9-Watching The Hateful Eight in 70 mm Cinerama at Christmas 2016 was a special moment, an event experience made as such by the extra effort put on by Tarantino. It was so packed I had to sit in the first or second row, which meant I had to go back a week later to see it from a better perspective. Another outstanding cinema event was the 2011 performance of the 1925 silent version of The Phantom of the Opera presented at the Fantasia International Film Festival, with live musical score by Montreal composer, conductor and musician Gabriel Thibaudeau.

10-Ok this one requires a little backstory. I moved the UK to start my PhD (Warwick University) in late summer of 1997. That was also the beginning of Offscreen, as I launched the first issue in July 1997. I published a few more issues while in the UK. One of the case study films for my dissertation was Tarkovsky’s Stalker.
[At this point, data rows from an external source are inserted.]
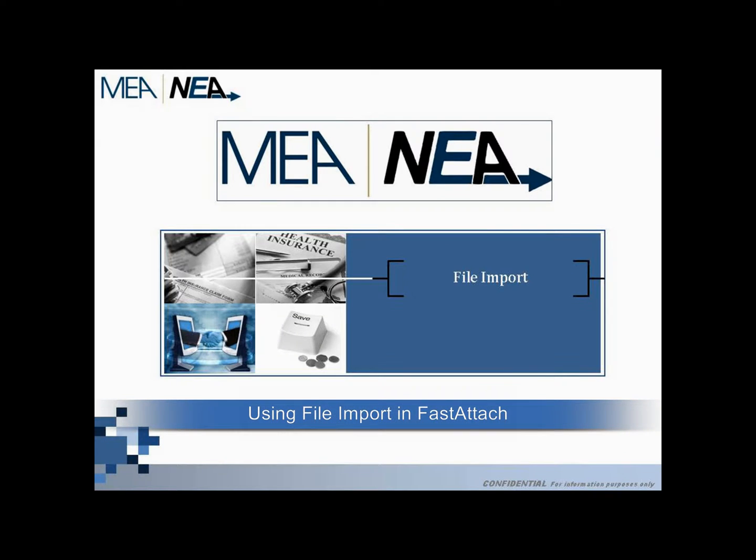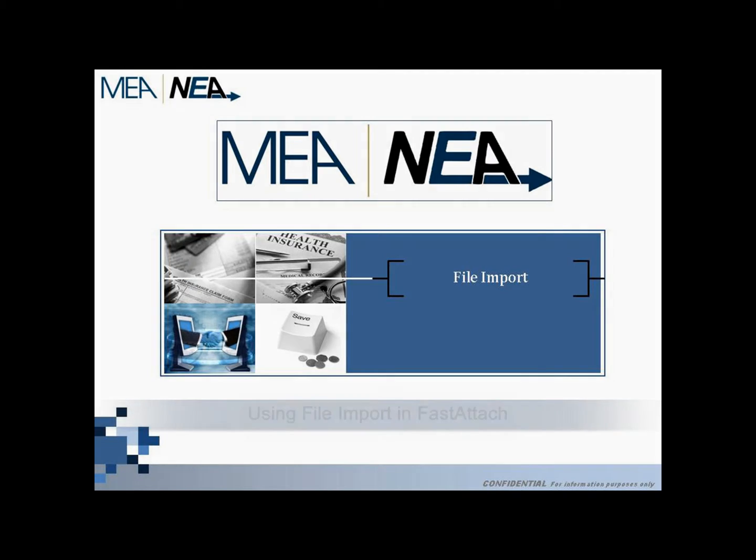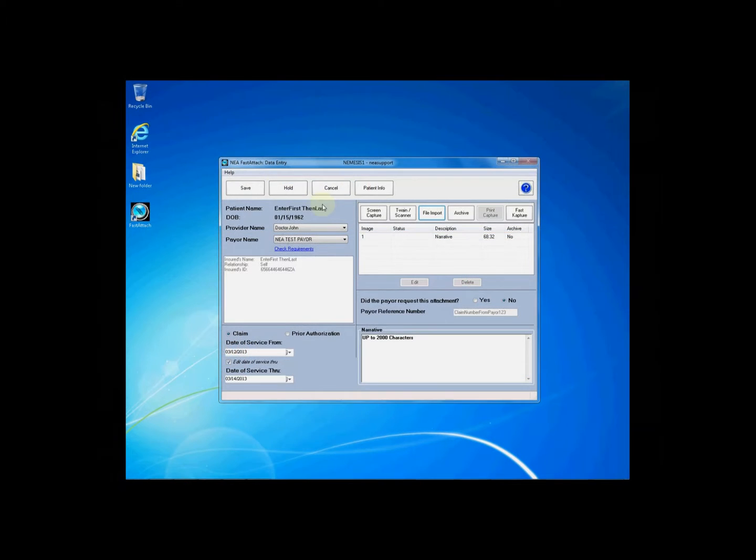Using File Import in Fast Attach. This video instructs you on how to use the File Import option in Fast Attach to acquire your x-rays and documentation.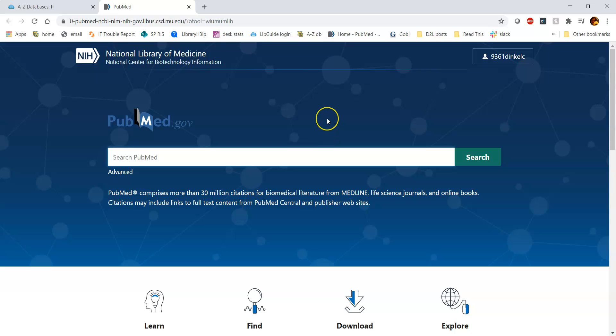I know you can get to PubMed through Google, but I really recommend that you go through the library because it will usually send you through a library authentication process, and then it will be like, hey, you have access to all these articles because of the library subscriptions to journals and databases.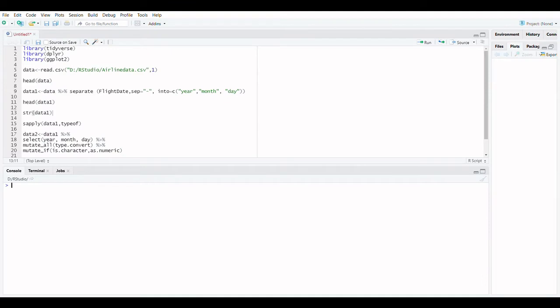Welcome to Finstats. In this video we are going to describe data format in R.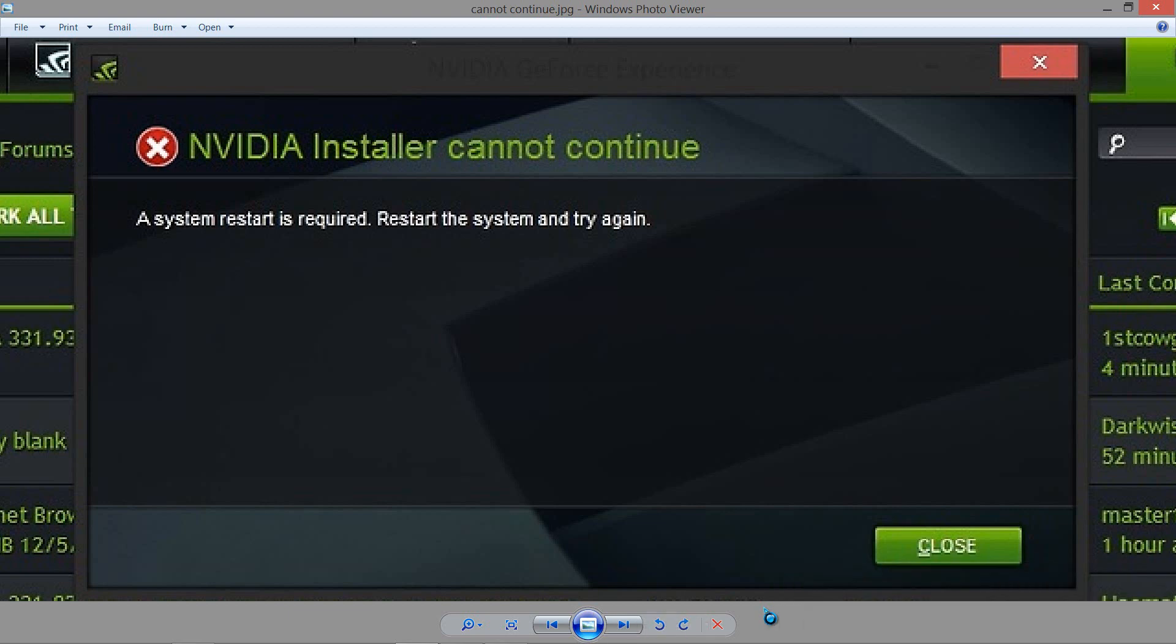What's up everybody, today I want to do a tutorial on helping you guys out with an issue that might arise whenever you're installing a driver from NVIDIA or updating NVIDIA GeForce Experience.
Although I had seen Stalker several times on 35mm, while I worked on the film for my PhD I studied it on VHS and then on a decent DVD copy from the Rustic label. When I defended my thesis 2002 Stalker was still only available on DVD, split across two DVDs (part 1, part 2). I pined for a good, no great copy of the film on Blu-ray. I thought my wait was over when Artificial Eye/Curzon announced the complete Tarkovsky on Blu-ray. I was overjoyed. But when I received my copy of Stalker in the mail in August 2016 and pushed it into the Blu-ray drive….disappointment. The transfer was underwhelming to say the least, at best a slight improvement over the Ruscico DVD, though the colors were more muted and drab. And then I catch a release notice that Criterion is about to distribute Stalker on Blu-ray. When? Through the beauty of sheer serendipity, July 2017! Eureka! I finally get my great digital copy of my favorite film, on the 20th anniversary of the commencement of my PhD and the debut of Offscreen. WOW!
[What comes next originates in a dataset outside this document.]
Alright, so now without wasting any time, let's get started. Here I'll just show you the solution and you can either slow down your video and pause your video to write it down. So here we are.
From VHS to DVD to Blu-ray1 to Blu-ray2

Ruscico DVD

Artificial Eye Blu-ray

Criterion Blu-ray


Virginia Waxman (Film Professor, Film Historian, writer)

1-Since moving to Los Angeles in 2014 I have been enjoying the rich film culture that exists here. The city’s many revival and art film houses are complemented by beautifully restored movie palaces, and many screenings feature Q and A’s with filmmakers. Though not a purist, I enjoy the many opportunities offered here to see films in 35mm and 70mm—and there is even a 4-D theater near my house.

2-Two films, both Oscar winners, reflect profound changes in the way films are produced and reach the marketplace:

1997: Titanic, an event movie produced and distributed by Paramount Pictures, a major studio originally established in 1912.
2017: OJ: Made in America. Produced by ESPN, a sports television company launched in 1979. Is it a movie—or prestige television? The lines are becoming increasingly blurred.

3-Home movie theaters with expansive screens and elaborate sound systems can now compete with cineplexes.

4-Both O.J.: Made in America and 13th raised the public dialogue about race relations in the United States to a new level.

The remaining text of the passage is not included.